Using EMF (Outline) displays (introduced in Version 2.0 - Windows only)
Starting in version 2.0 of TexPoint you can
create displays that are not bitmaps but outline graphics format (like PDF or
Postscript). The actual graphics format is called EMF (Extended Metafile). To
create such a display you must make sure to have installed the "Outline
displays" feature of TexPoint (available and installed unless prohibited
by you, starting with version 2.0). If you have this feature installed then you
will see the EMF option in the "Bitmap format" combo box when you
create or edit a display.
TexPoint uses a modified version of the
PSTOEDIT program to translate the Postscript files generated by Latex into EMF.
The modifications were made by James O’Brien and are required for proper
operation in the presence of Latex fonts. The program pstoedit.exe is installed
in the TexPoint directory. (To see
the generated EMF file you can check the "Debugging/Keep Files" box
and then look into the directory that contains the presentation. You will see
that these files are much smaller than the bitmap files for the same display.)
The way EMF files work is that instead of
containing a bitmap rendering of the characters that make up your display they
contain references to characters in True Type (.ttf) versions of the Latex
fonts. The catch is that for the displays to show correctly those fonts must be
installed in your system. These fonts have names of the form (cm*.ttf,
msam*.ttf, msbm*.ttf) and you will see them both in the TexPoint/fonts/outline
directory and in the "Select Font" dialog box in most of your text
editing programs. Furthermore, these fonts must be present on any machine on
which you want to view the presentation. One option around this issue is to
embed the fonts into the presentation: in PowerPoint, click File/Save
As/Tools/Save Options, and the click the "Embed True Type fonts".
The pstoedit tool will fail to create the
EMF file if it contains fonts that are not installed in the system. In that
case you will see a dialog box listing the fonts that are missing. TexPoint
gives you the option to let pstoedit to substitute missing fonts. Just click
the "
Allow font substitution"
checkbox.
EMF displays are transparent by default
and cannot be made otherwise.
I think that outline displays are MUCH
better than bitmap ones. The drawback is however that you must have the Latex
fonts installed, which pollutes the font selection dialog box and creates
portability problems for presentations.
In version 2.0 I have included only a
limited selection of Latex fonts. Please let me know if you need others.
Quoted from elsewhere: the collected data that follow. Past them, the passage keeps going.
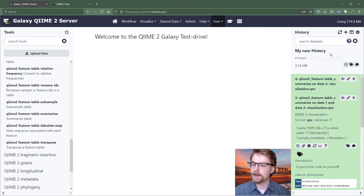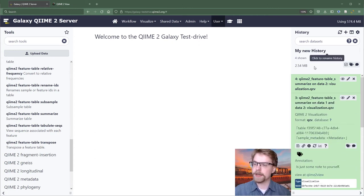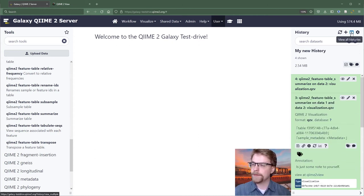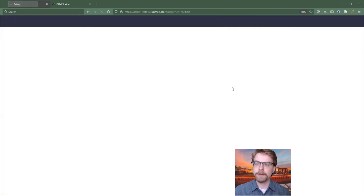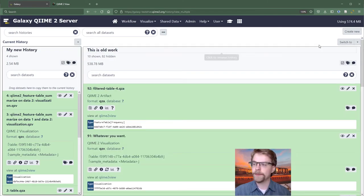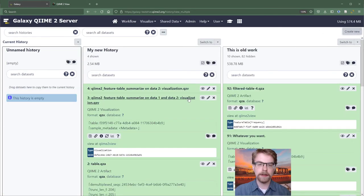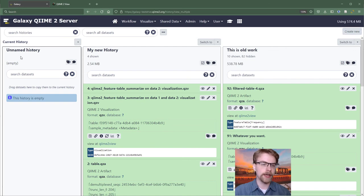And that's basically it for interacting with the history. We can look at history. We can rename history. We can swap histories and create new histories. So I could create a new one here. And now I have an unnamed history.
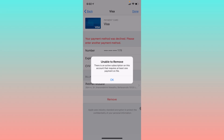Hello guys, welcome back to my YouTube channel. In this video I'm going to show you how to fix 'unable to remove payment method' — there is an active subscription on this account that requires at least one payment on file. When you want to remove any payment method on your iPhone or iPad and are facing this issue, I'll help you fix this problem.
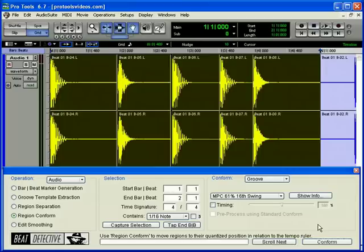This is a much better alternative to time compressing or expanding the loop, which can alter the pitch and tone of the audio loop.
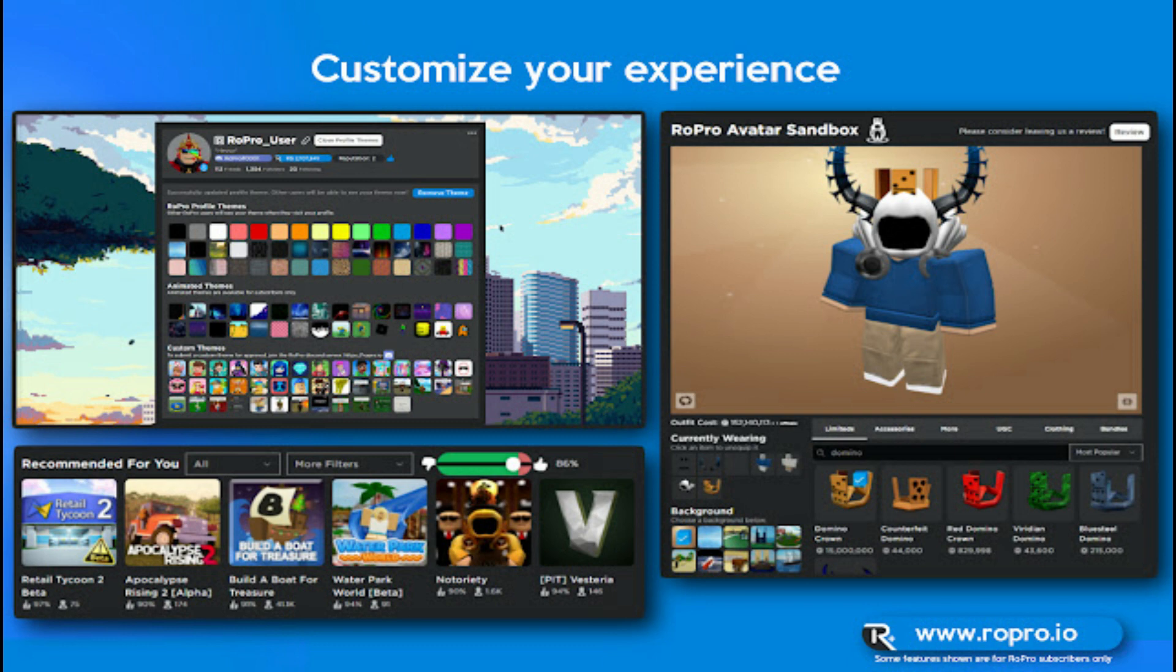Fifth, this feature allows users to try any item combo with their Roblox avatar, even if they don't own that item. Sixth and last, these unique features have increased user interest in this extension.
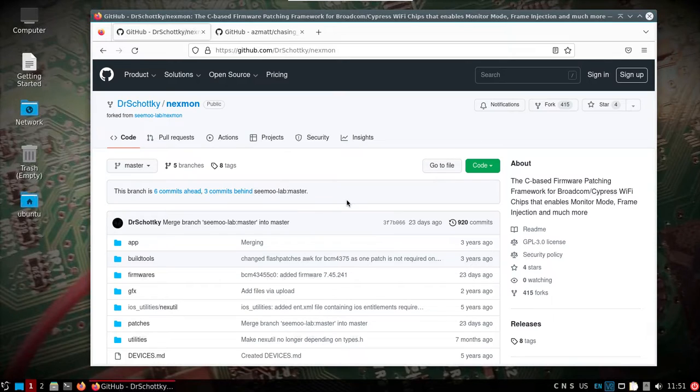All right, I'm back with another video. This is on DragonOS Pi 64. It's a build that I will have uploaded by the time this video comes out or shortly after.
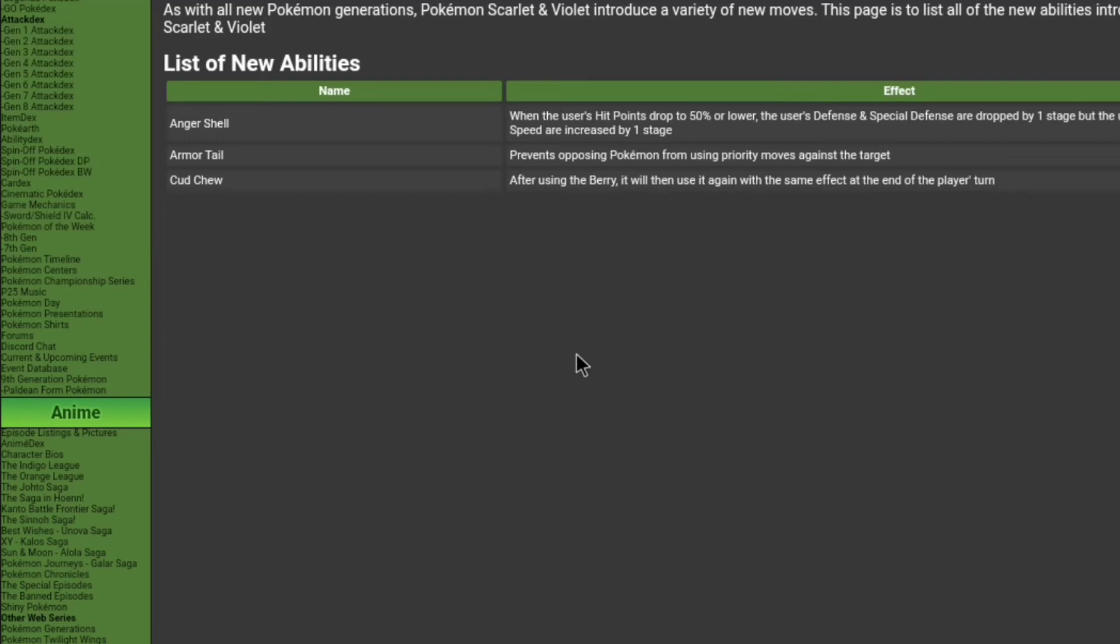Alright guys, what is up? It's your boy Jam, and I'm back again with another video. So in today's video, I'm going to talk about the new abilities of Farigiraf. I said I was going to talk about this in my picnic video, I'm assuming that uploaded by now, if not I'm making a picnic video.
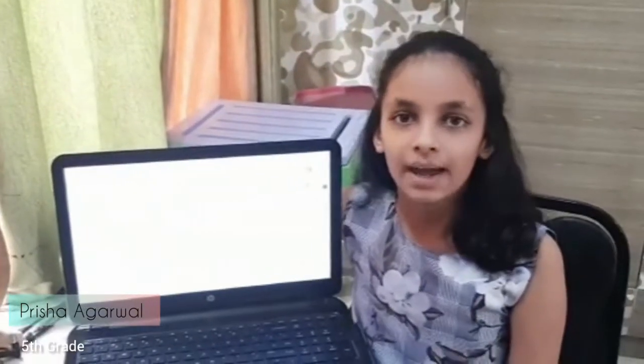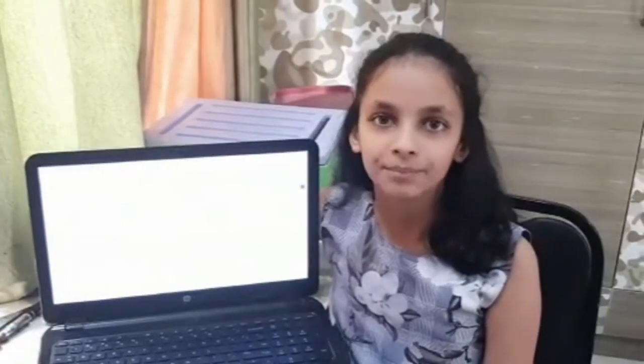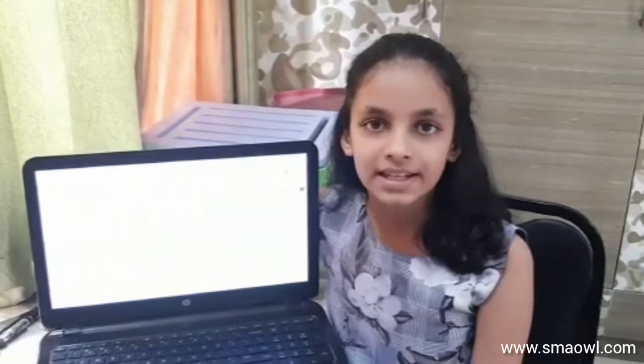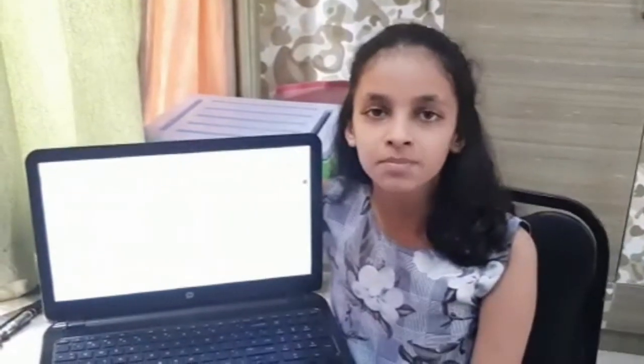Hello everyone, I am Prashogarmal from Bhopal. I am in 5th standard. I am pursuing my coding course in Scratch from SMAU.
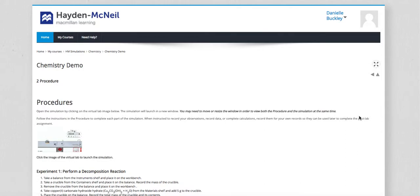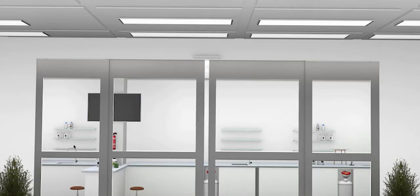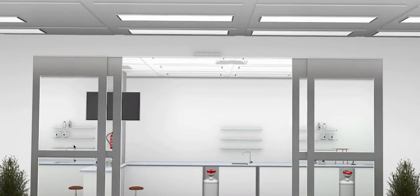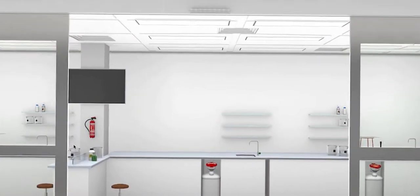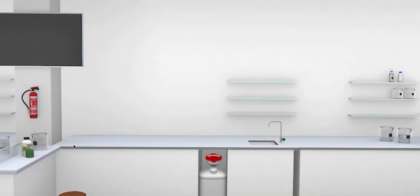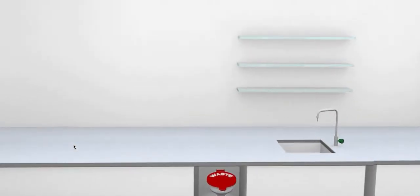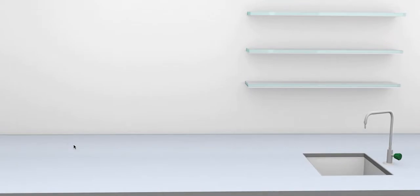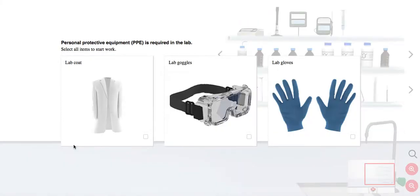The procedures page is also where the icon exists to launch the lab simulation. When students enter the lab, they'll first see the personal protective equipment prompt.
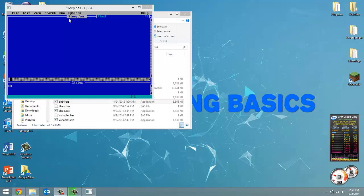And why would you want to do this? Well, just say you're printing out a series of messages. You might want to print one out, then pause your program before printing out the next message.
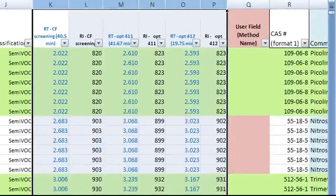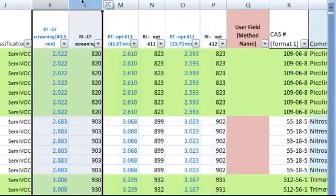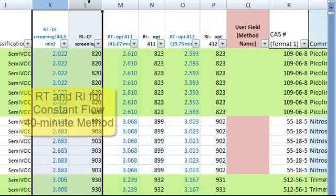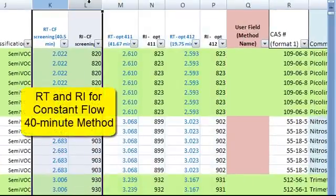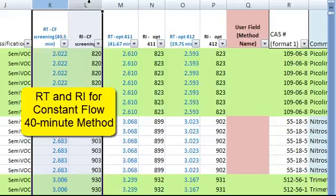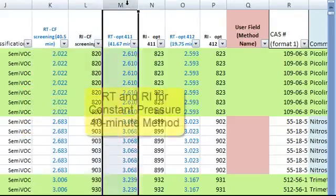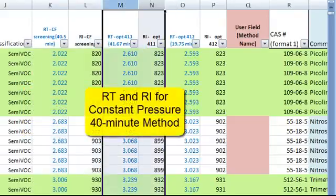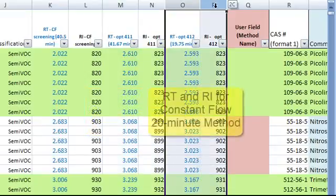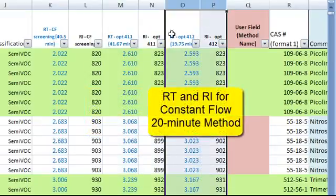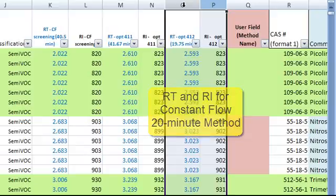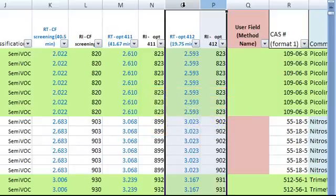These two columns are the retention times and retention indices for the constant flow 40 minute method. These two are the constant pressure 40 minute method. These two are the constant flow 20 minute method. This table is currently sorted according to the retention times of this method.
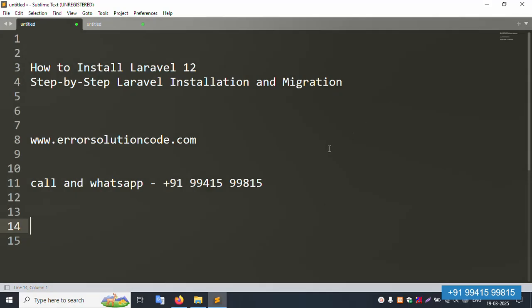Hello everyone, my channel is Error Solution. Today I'm discussing how to install Laravel 12 step by step — installation and migration. This is my official website: www.errorsolutioncode.com, and my personal number for call and WhatsApp is +919941599815. Feel free to contact anytime for any doubts.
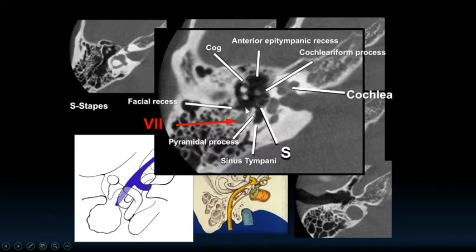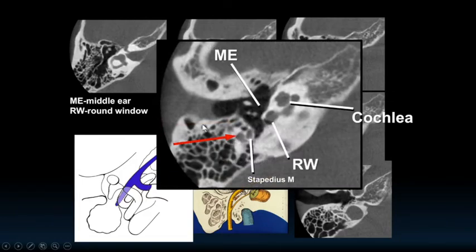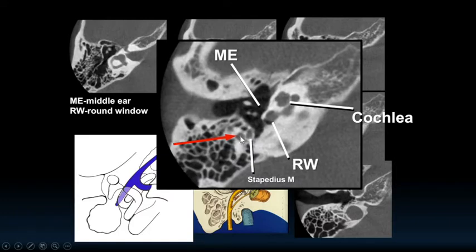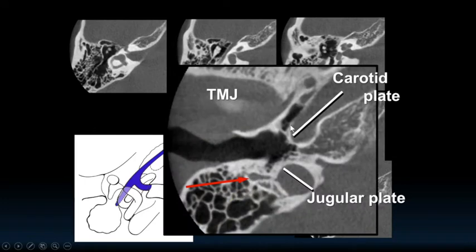Dropping down further, you see the external canal, all turns of the cochlea, the round window membrane, the malleus, incus, stapes, and the stapedius muscle with the facial nerve again in cross section. Then at the lowest level, the carotid plate, jugular plate, and so on. That anatomy is really the basics — if you're just starting out, learn that along with the diagram and you'll be in pretty good shape.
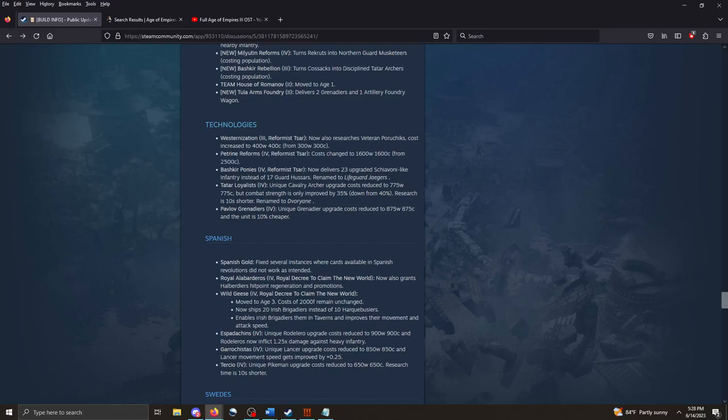Tula Arms Foundry delivers two Grenadiers and one Artillery Foundry wagon in the second age. That's pretty cool. I like it. Westernization. This is a card I use all the time. It now also researches Veteran Prochik's cost increased appropriately. An extra 100 wood and 100 coin to 400 of each. Makes sense considering what you're getting out of it. Petrine Reforms. This cost changed to 1600 wood, 1600 coin from 2500 coin. I cannot tell whether this is a buff or a nerf. On the one hand, you're literally, you know, technically spending more resources than you otherwise were. But, if you're playing the Russians, chances are pretty high that you have shipped the distributivism card. And you've got a lot of villagers on wood already. So, in practice, this might allow you to actually get this card faster than you otherwise would.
Office 2000 users: PowerPoint 2000 forgets to close EMF files that it loads. This
prevents TexPoint from deleting the EMF files and requires it to create new EMF
files with new names. The new names are formed using the value you have in the
Debugging pane (default is txp_fig) along with a random numeric suffix. It is
Ok to delete these files manually after you exit PowerPoint. Their contents is
already included in the presentation.